1 Исократ написал «Панегирик» к Олимпийским играм 380 года до Р. X. и сознательно не произносил его, предпочтя разослать речь заинтересованным лицам. Письменный характер «Панегирика» подчеркивает и его стиль: здесь объединены торжественный и совещательный типы речей, чего в устной практике в эпоху Исократа не было.


Печатается по: Ораторы Греции. – Сост. М.Л. Гаспаров – М., 1985. – Перевод Э. Юнца.


Эсхин (389–314 гг. до Р.X.)


• Против Ктесифонта о венке


Эсхин был политическим антиподом Демосфена. Он не получил специального риторического образования и стал оратором, оставив профессию трагического актера. И как оратор, и как политик, и как дипломат Эсхин постоянно сталкивался с Демосфеном. Из трех сохранившихся до наших дней речей Эсхина две – «О предательском посольстве» и «Против Ктесифонта о венке» – относятся к полемике с Демосфеном. Таким образом возможно восстановить ход живой полемики между двумя ораторами и сравнить их точки зрения на одни и те же события, проследить аргументацию каждого.


Процесс о предательском посольстве Эсхин выиграл небольшим количеством голосов, что в целом не изменило расстановки политических сил в Афинах. Полемика о венке была проиграна, и политической карьере Эсхина наступил конец. Оратор удалился в ссылку на далекий остров Родос.


Против Ктесифонта о венке


(1) Вы видите, афиняне, как иные здесь ведут происки, как смыкают ряды, как затевают уговоры по всей площади, чтобы все у нас в городе пошло не по заведенному порядку и обычаю, – и все-таки я иду к вам с верою прежде всего в богов, а потом в законы и в вас, ибо знаю: перед вашим лицом никакие происки не осилят законности и справедливости.1 (2) Как бы мне хотелось, афиняне, чтобы и Совет пятисот, и Народные собрания направлялись очередными председателями по верному пути, чтобы в силе были Солоновы законы о благочинии ораторов, чтобы первым мог по их велению чинно выступить на помост старейший из граждан и без шума и смуты подать гражданам лучшие советы своей опытности, а за ним чтобы и другие граждане по желанию высказывались обо всяком деле по очереди и в порядке возраста! Думаю, что тогда и город управлялся бы лучше, и судебных дел стало бы меньше. (3) Но с тех пор, как перевелось все, что прежде единодушно признавалось лучшим, и одни стали с легким сердцем вносить противозаконные предложения, а другие ставить их на голосование, сами получив председательство не справедливейшим жребием, но посредством происков, а если кто из других членов совета, честно председательствуя по жребию, правильно объявляет итоги вашего голосования, то все считающие государство не общим, а своим достоянием, грозят им чрезвычайными обвинениями и тем порабощают рядовых граждан, а себе присваивают деспотическую власть, (4) и когда суды по закону перевелись, а судить стали по злобе и по особым постановлениям, – с тех самых пор умолк в городе столь прекрасный и разумный клич глашатая: «Кто желает высказаться из достигших пятидесяти лет, а затем по очереди из прочих афинян?», и с тех пор уже ораторская разнузданность не подвластна ни законам, ни председателям, ни первоприсутствующим, ни председательствующей филе, хоть это и десятая часть нашего города.

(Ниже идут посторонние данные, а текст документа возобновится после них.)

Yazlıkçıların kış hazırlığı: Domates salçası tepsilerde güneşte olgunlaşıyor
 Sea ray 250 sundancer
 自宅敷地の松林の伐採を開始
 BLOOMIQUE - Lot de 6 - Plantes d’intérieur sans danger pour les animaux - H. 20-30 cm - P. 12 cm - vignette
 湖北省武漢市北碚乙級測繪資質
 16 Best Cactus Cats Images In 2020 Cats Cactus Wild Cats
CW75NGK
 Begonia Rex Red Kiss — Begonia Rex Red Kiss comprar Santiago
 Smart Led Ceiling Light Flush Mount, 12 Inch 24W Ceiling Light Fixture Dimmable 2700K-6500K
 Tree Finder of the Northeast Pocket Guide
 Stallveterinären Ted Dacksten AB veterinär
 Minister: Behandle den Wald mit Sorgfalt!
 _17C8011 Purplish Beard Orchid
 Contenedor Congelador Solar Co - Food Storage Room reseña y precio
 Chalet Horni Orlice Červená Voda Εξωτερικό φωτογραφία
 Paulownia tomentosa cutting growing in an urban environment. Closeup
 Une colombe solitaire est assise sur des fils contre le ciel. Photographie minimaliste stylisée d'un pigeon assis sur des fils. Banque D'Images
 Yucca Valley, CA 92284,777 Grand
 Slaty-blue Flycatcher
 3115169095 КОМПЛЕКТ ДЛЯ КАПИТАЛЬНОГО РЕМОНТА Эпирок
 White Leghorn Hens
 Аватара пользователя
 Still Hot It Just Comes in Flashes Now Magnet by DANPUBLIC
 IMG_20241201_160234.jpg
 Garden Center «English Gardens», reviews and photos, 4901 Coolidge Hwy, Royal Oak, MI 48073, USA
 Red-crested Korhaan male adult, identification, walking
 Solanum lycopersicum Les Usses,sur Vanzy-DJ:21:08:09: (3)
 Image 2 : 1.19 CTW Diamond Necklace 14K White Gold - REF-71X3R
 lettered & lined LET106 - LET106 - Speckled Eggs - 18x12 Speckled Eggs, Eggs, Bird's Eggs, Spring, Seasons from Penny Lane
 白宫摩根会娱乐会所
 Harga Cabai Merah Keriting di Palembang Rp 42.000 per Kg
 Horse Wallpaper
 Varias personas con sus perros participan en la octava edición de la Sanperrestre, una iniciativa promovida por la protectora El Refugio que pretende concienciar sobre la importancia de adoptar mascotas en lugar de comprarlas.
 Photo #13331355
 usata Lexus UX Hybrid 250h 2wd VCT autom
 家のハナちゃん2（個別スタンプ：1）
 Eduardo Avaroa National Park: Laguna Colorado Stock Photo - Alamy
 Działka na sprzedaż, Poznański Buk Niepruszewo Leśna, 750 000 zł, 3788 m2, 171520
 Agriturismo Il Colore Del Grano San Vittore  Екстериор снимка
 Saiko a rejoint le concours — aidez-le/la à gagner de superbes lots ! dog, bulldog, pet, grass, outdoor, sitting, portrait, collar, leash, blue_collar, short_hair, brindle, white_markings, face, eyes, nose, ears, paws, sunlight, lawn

(5) При таком-то положении государственных дел, при таких обстоятельствах, смысл которых вы сами понимаете, один лишь осколок, по разумению моему, остался от нашего государственного устройства, и этот осколок – обвинения в противозаконии. Ежели и их вы отмените или будете потворствовать стремящимся к отмене, то предрекаю вам, что, сами того не заметив, вы и все наше государство уступите кое-каким господам. (6) Вы ведь знаете, афиняне, что у всех людей есть только три способа государственного устройства: власть единоличная, власть немногих и власть народная; при единоличной власти и власти немногих государство управляется по произволу начальствующих, и лишь при народной власти – по незыблемо установленным законам. Пусть же ясно знает и твердо помнит каждый из вас: всякий раз, как он входит в судилище судить дело о противозаконии, ему предстоит голосовать за собственную свободу слова. Потому ведь и законодатель поставил на первое место в судейской присяге такие слова: «я буду голосовать по закону...» – он понимал, что пока неприкосновенны в государстве законы, крепка в нем и народная власть. (7) Памятуя об этом, вы должны ненавистью встречать подателей противозаконных предложений, вы должны ни единое из них не считать незначительным, но каждое – чудовищным, вы должны никого не допускать отбить у вас это право, не поддаваясь ни ходатайствам военачальников, которые давно уже заодно с кое-какими краснобаями подтачивают наше государство, ни прошениям чужестранцев, которых иные из противозаконных заправил нашего правления приводят к нам, чтобы самим ускользнуть от суда, – нет: как на войне каждый из вас постыдился бы покинуть место в строю, куда его поставили, так и ныне да будет вам стыдно покинуть строй, куда сегодня законы поставили вас охранять народовластие. (8) А еще должны вы помнить о том, что сейчас все граждане – и те, что здесь и слушают суд, и те, что в отлучке по своим делам, – вверили вам наш город и его государственное устройство; и вы, афиняне, стыдясь этих граждан и памятуя о принесенной вами присяге и о наших законах, в ответ на мое изобличение Ктесифонта в подаче предложения противозаконного, неверного и пагубного государству пресеките это противозаконие, укрепите в городе народовластие, покарайте заправил, правящих наперекор законам и вашей пользе. И если вы с такими чувствами выслушаете предстоящую мою речь, то я уверен, что проголосуете вы так, как требуют законы, присяга и польза – ваша собственная и всего нашего города.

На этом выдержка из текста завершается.